Friday, July 10, 2009

Concise writing is usually clear writing (3)


Here is another excellent example of concise writing and clear writing. It is a poster satirizing the Big Three U.S. automakers: GM, Chrysler and Ford. (Warning: strong language.)

You could read thousands of pages of recent news coverage of the auto bailout. You could read a stack of books about National Socialism (Nazism). You would learn a lot of historical details but you wouldn’t understand any more about the concept of the bailout or the concept of Nazism than is captured in the 112 words of this poster.

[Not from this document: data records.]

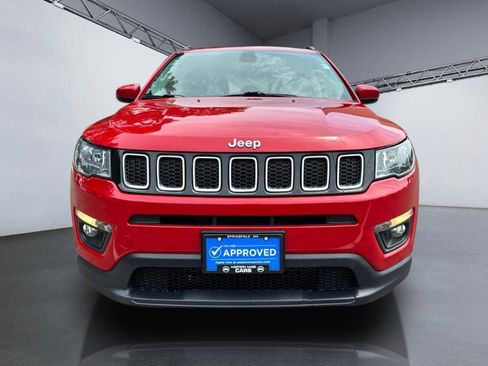 Used 2019 Jeep Compass Latitude w/ Popular Equipment Group AWD/4WD image 10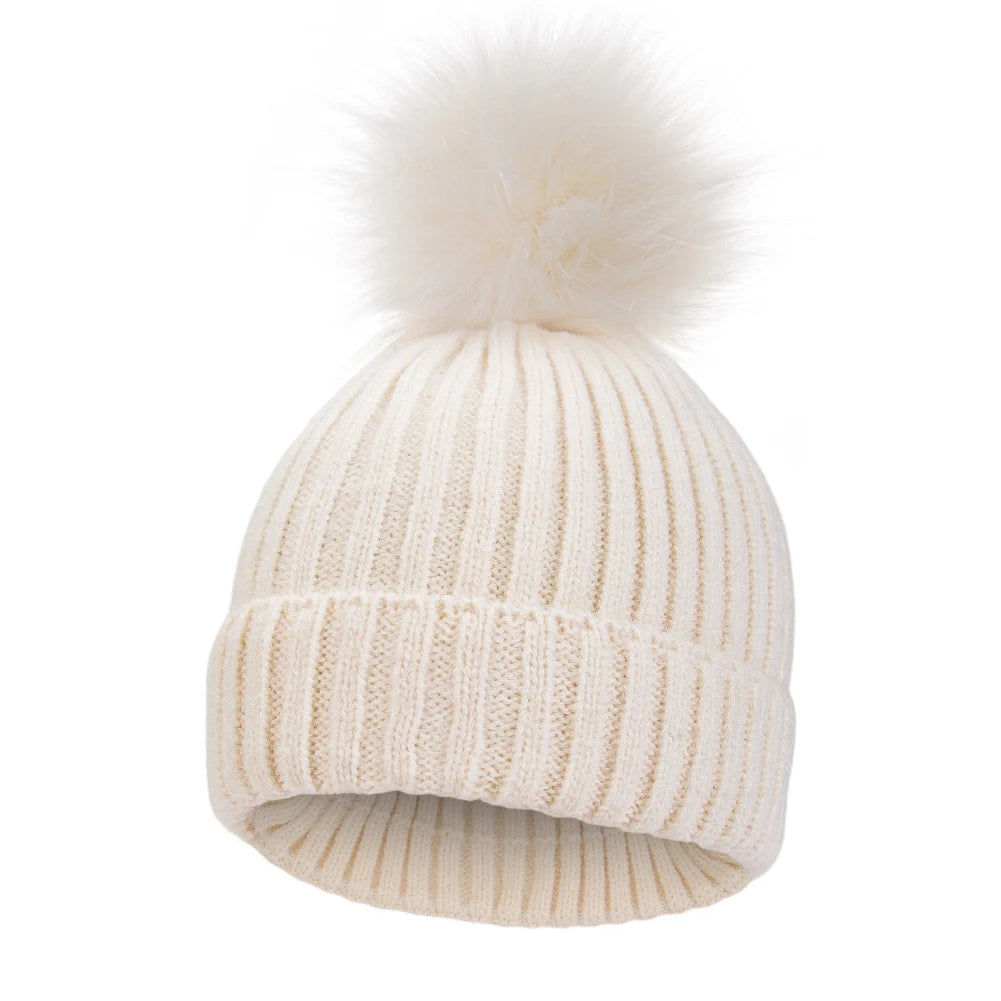 Touca Infantil com Pompom Grande – Tricô Macio | Para Bebês de 0 a 3 Anos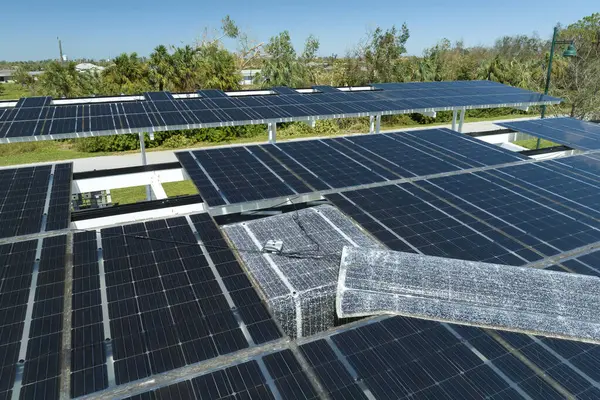 Fotovoltaik teknolojinin başarısızlığı kentsel altyapıya entegre edildi. Park yerinin gölgelik çatısı olarak park halindeki elektrikli arabaların güneş panellerine rüzgar hasarı.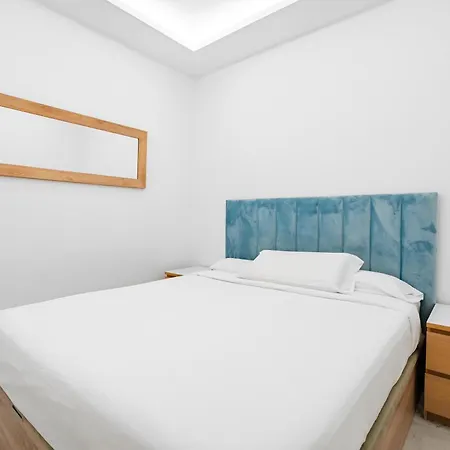 Aparthotel Puerto Banus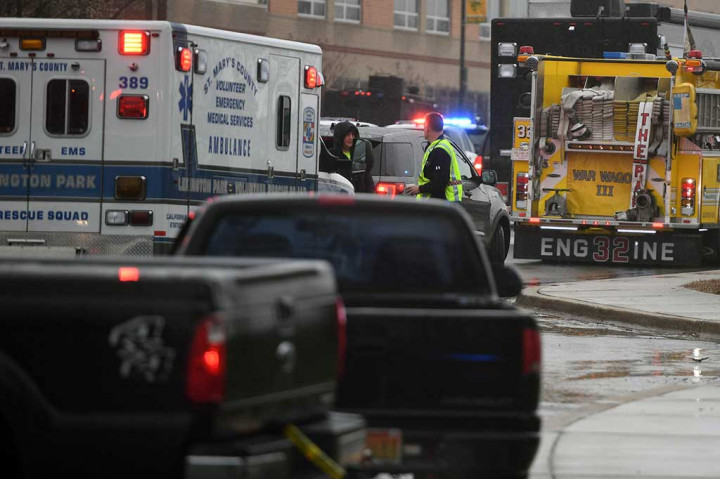 Sementara itu dua korban cedera telah dibawa ke satu rumah sakit. Sang siswi berada dalam kondisi kritis sementara murid lelaki berada dalam kondisi stabil.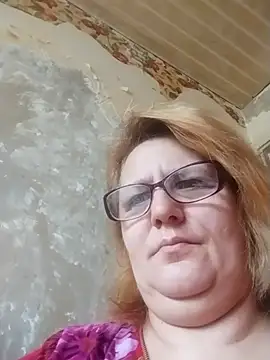 Forest-Lady online show from April 7, 2026, 9:11 am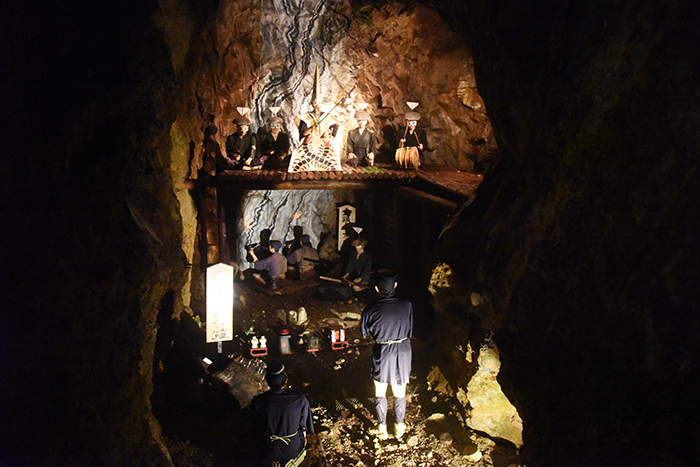 世界遺産になるかもしれない佐渡金山の人形が珍スポットすぎて爆笑できる!宗太夫坑コース写真_e0171573_23285681.jpg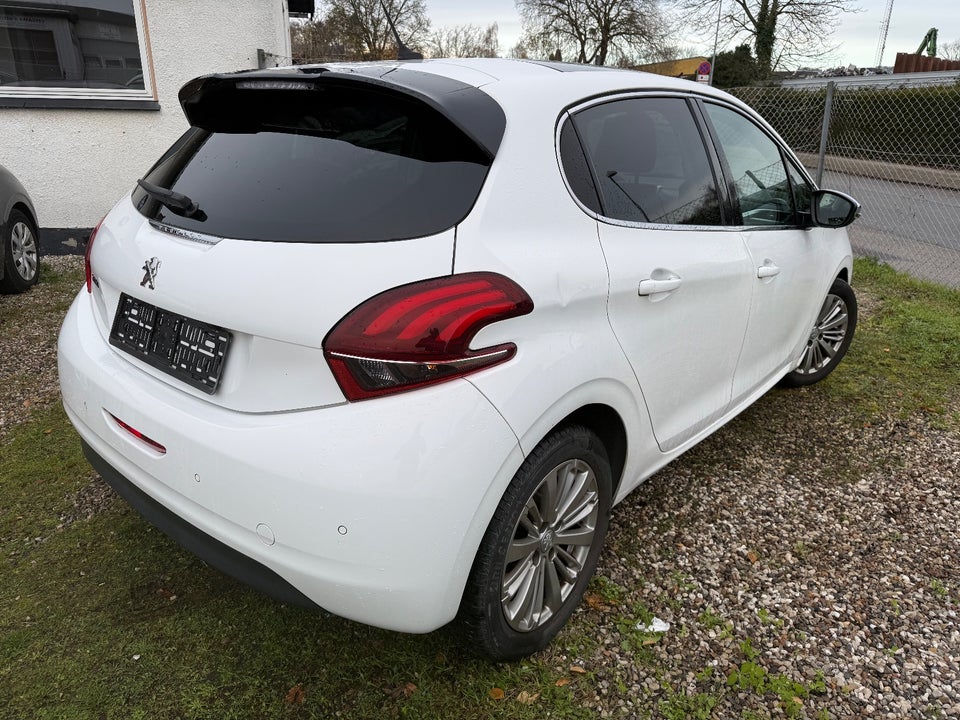 Peugeot 208 1,5 BlueHDi 100 Allure Sky 5d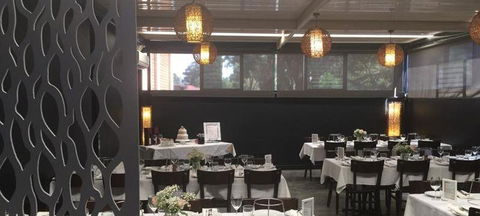 L'Olio Italian Kitchen - Swimm 1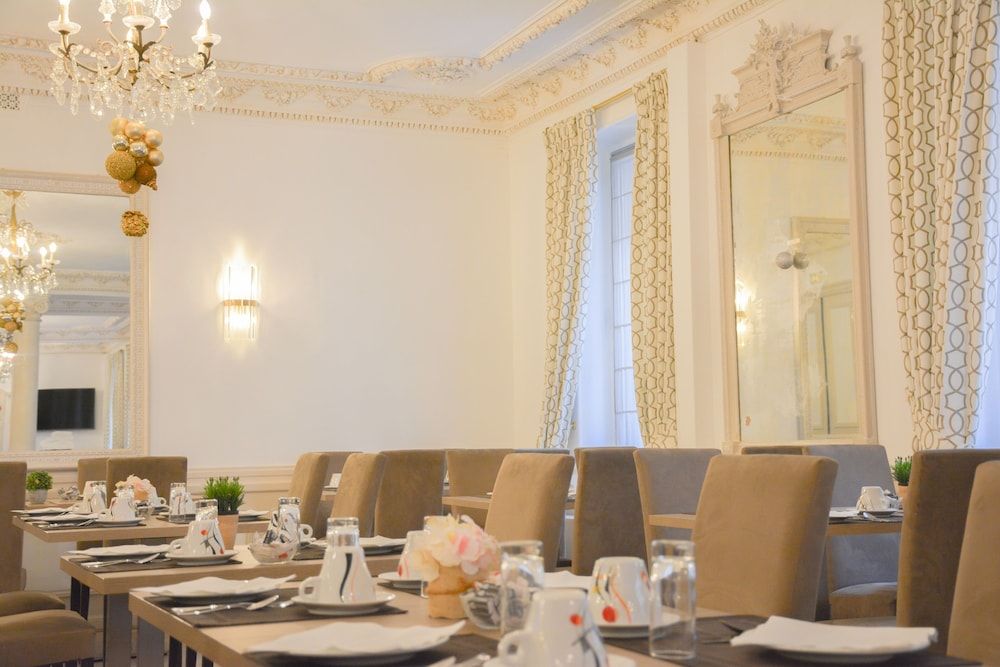 Lille - Côte d'Azur, France - Hotel Busby - Côte d'Azur, France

The poster explains why people who run big corporations – in Germany in the 1920s and 1930s, in the United States in 2008-2009, or in any other country or era – decide to beg politicians to take over their corporations.

It explains why politicians are pleased to oblige.

And it explains what the takeover does to citizens who voted for those politicians (and to the citizens who voted against them, and to the citizens who didn’t vote at all).

The Takeaway: Whenever you find yourself struggling to concisely summarize what appears to be a big, complicated concept, stop! Take a few minutes to clear your mind of your “mental baggage.” Discard the prejudices, denials, euphemisms, circumlocutions, projections, fears, evasions and lies that you have associated with the concept. Adopt the point of view of an intelligent but disinterested observer. You will be amazed at how simple the concept becomes. Then the intelligent, disinterested observer within you can just tell the story as it is. That is how the fellow who wrote that poster could do it in 112 words.